══ Data records

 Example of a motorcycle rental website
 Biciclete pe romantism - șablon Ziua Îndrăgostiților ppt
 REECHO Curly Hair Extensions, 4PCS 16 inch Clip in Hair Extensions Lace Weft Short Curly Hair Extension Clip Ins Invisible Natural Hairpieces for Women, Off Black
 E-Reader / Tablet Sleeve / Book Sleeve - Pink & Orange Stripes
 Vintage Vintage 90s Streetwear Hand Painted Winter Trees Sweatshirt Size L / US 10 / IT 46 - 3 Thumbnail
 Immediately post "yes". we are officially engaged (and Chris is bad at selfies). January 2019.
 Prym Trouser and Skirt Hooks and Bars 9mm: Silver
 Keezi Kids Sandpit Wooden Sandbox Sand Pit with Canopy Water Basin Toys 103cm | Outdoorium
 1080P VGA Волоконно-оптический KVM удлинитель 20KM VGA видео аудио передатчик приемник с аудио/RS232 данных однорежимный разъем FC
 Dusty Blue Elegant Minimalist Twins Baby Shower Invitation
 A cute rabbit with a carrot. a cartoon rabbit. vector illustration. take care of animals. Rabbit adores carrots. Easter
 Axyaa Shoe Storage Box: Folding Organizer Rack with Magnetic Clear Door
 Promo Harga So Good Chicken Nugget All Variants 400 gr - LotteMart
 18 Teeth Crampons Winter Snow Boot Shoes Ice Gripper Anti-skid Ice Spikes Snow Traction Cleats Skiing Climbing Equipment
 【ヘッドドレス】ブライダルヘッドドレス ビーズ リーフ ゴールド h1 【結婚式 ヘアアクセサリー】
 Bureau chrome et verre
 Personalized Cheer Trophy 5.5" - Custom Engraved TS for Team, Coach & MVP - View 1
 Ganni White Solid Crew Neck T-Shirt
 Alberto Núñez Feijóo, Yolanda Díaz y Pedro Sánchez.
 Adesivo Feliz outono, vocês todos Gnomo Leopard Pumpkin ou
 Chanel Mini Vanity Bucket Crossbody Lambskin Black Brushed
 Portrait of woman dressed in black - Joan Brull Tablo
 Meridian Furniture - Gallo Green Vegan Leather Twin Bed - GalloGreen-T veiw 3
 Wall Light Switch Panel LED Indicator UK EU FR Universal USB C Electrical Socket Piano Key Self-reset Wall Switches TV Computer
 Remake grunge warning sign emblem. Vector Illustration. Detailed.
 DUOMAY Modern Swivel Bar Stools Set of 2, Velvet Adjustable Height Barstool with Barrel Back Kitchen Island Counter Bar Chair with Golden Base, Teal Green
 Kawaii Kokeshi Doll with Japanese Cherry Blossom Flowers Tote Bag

════

What is required >>
Copy here each line of the preceding records with "Green" in it.

Answer section >>
 Meridian Furniture - Gallo Green Vegan Leather Twin Bed - GalloGreen-T veiw 3
 DUOMAY Modern Swivel Bar Stools Set of 2, Velvet Adjustable Height Barstool with Barrel Back Kitchen Island Counter Bar Chair with Golden Base, Teal Green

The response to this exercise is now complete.